--- DATA SHOWN Enclosed Below ---

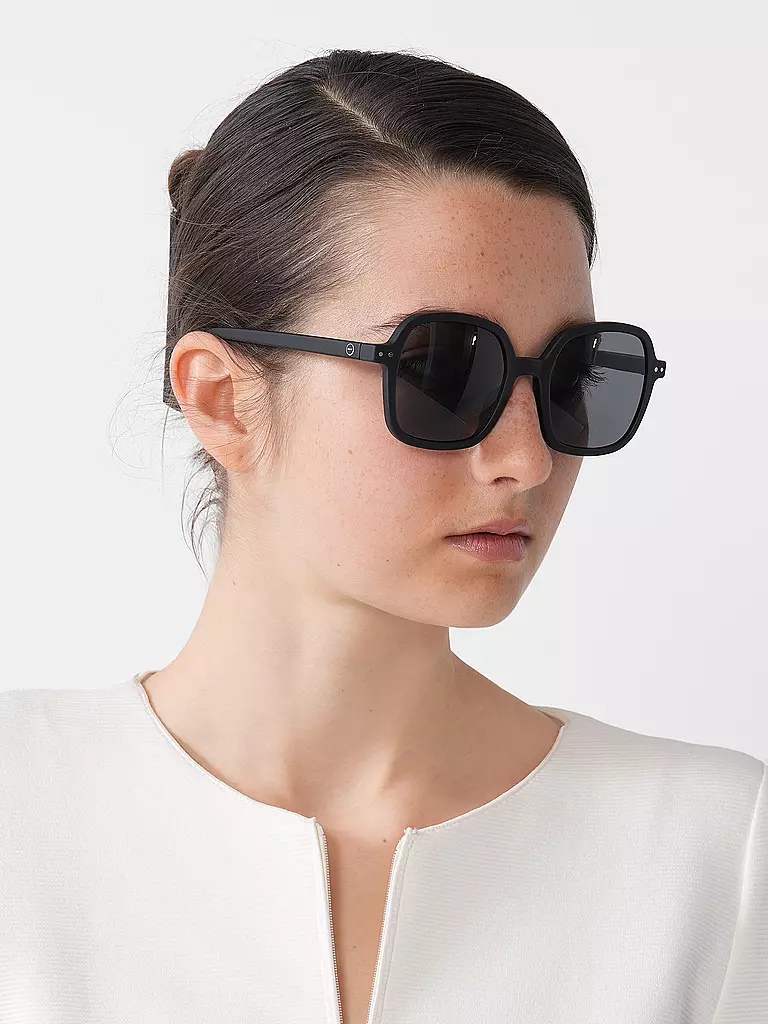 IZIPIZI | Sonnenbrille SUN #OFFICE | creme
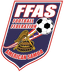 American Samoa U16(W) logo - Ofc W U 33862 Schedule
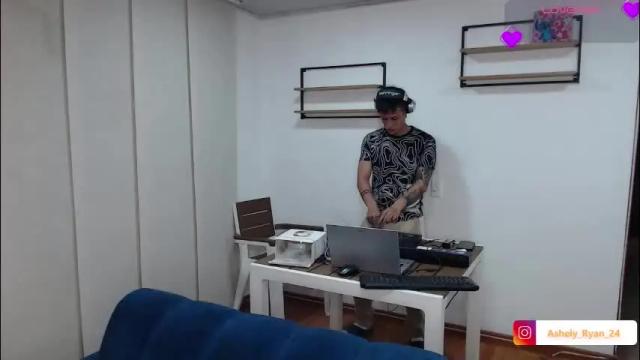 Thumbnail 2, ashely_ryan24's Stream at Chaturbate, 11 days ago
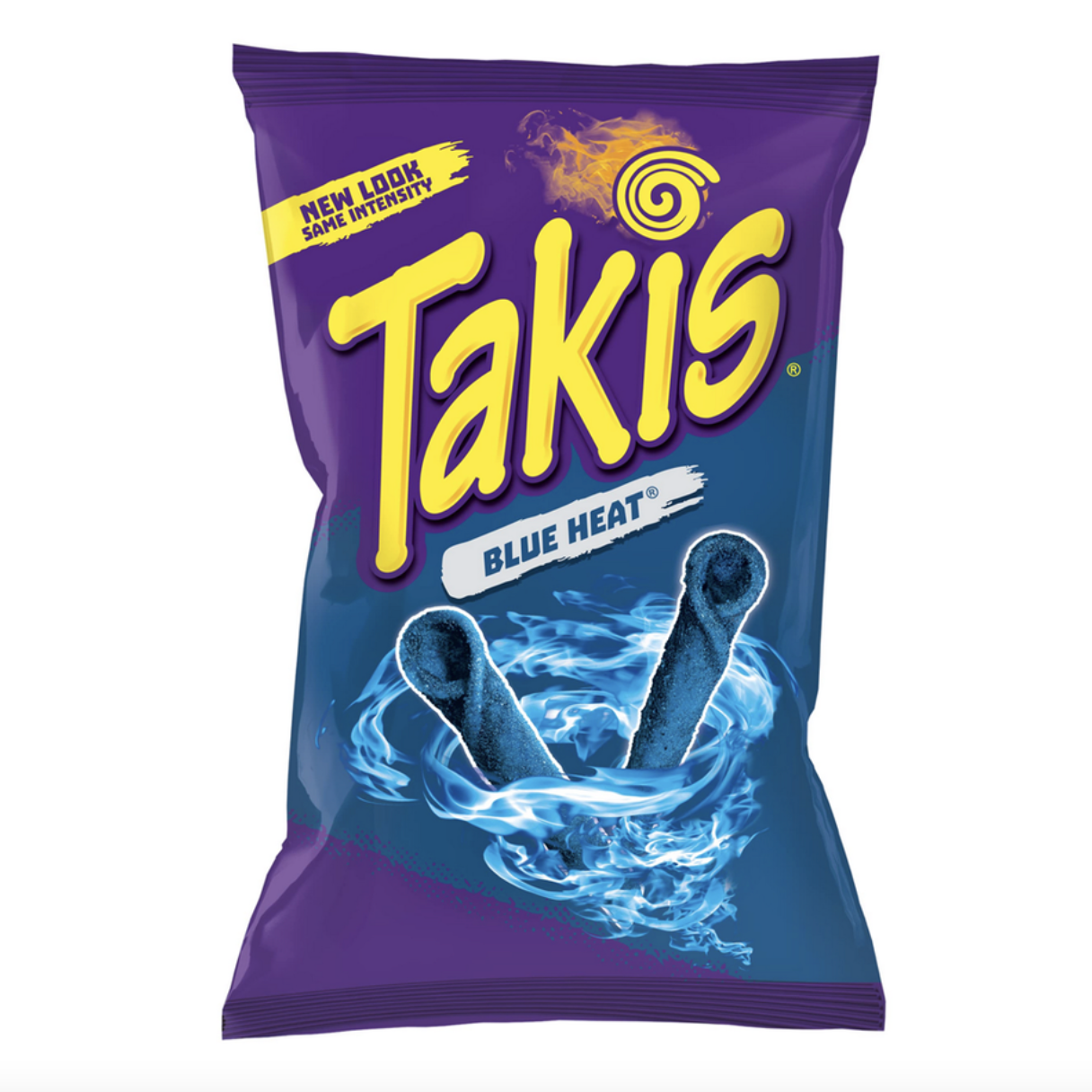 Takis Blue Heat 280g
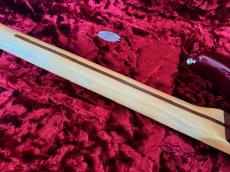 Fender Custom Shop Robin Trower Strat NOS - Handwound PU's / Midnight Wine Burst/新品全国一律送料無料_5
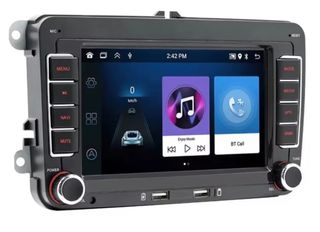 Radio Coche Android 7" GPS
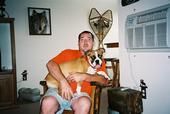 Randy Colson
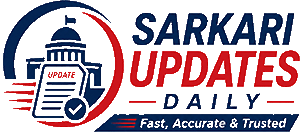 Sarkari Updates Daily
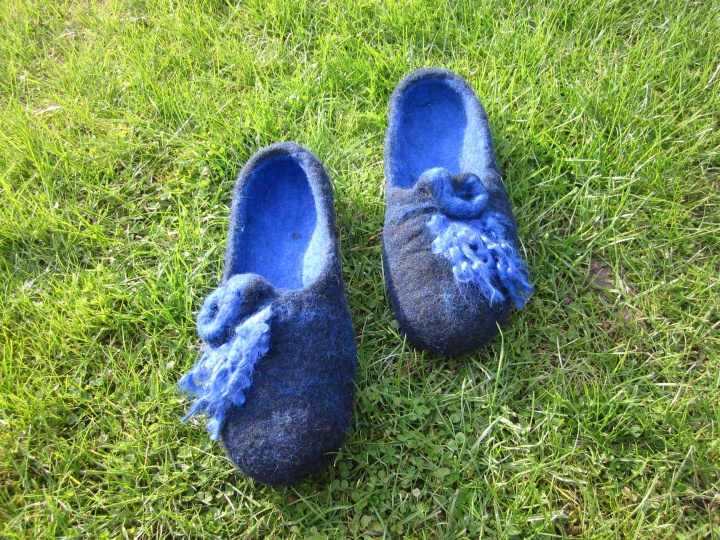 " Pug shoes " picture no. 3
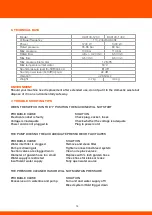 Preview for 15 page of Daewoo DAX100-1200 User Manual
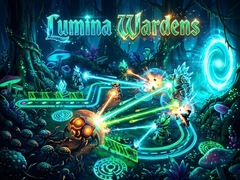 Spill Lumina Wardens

--- End of Enclosed DATA SHOWN ---
--- DATA SHOWN Enclosed Below ---

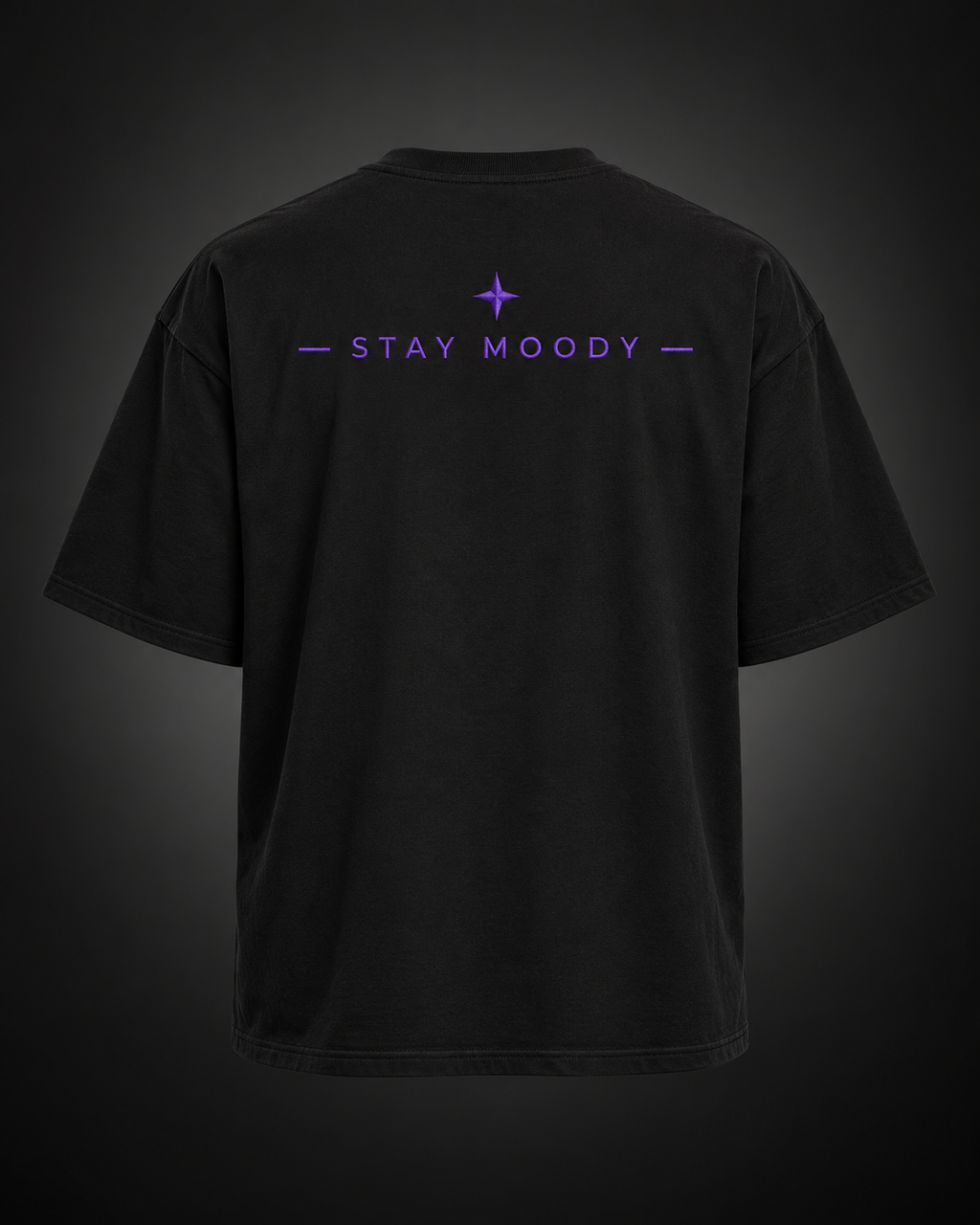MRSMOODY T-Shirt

--- End of Enclosed DATA SHOWN ---

◆ ASSIGNMENT: Whatever pictures the records hold, omit them; give again exactly the lines from the one containing "IZIPIZI | Sonnenbrille SUN #OFFICE | creme" through the one containing "Spill Lumina Wardens".

◆ RESPONSE BELOW:
 IZIPIZI | Sonnenbrille SUN #OFFICE | creme
 American Samoa U16(W) logo - Ofc W U 33862 Schedule
 Thumbnail 2, ashely_ryan24's Stream at Chaturbate, 11 days ago
 Takis Blue Heat 280g
 Fender Custom Shop Robin Trower Strat NOS - Handwound PU's / Midnight Wine Burst/新品全国一律送料無料_5
 Radio Coche Android 7" GPS
 Randy Colson
 Sarkari Updates Daily
 " Pug shoes " picture no. 3
 Preview for 15 page of Daewoo DAX100-1200 User Manual
 Spill Lumina Wardens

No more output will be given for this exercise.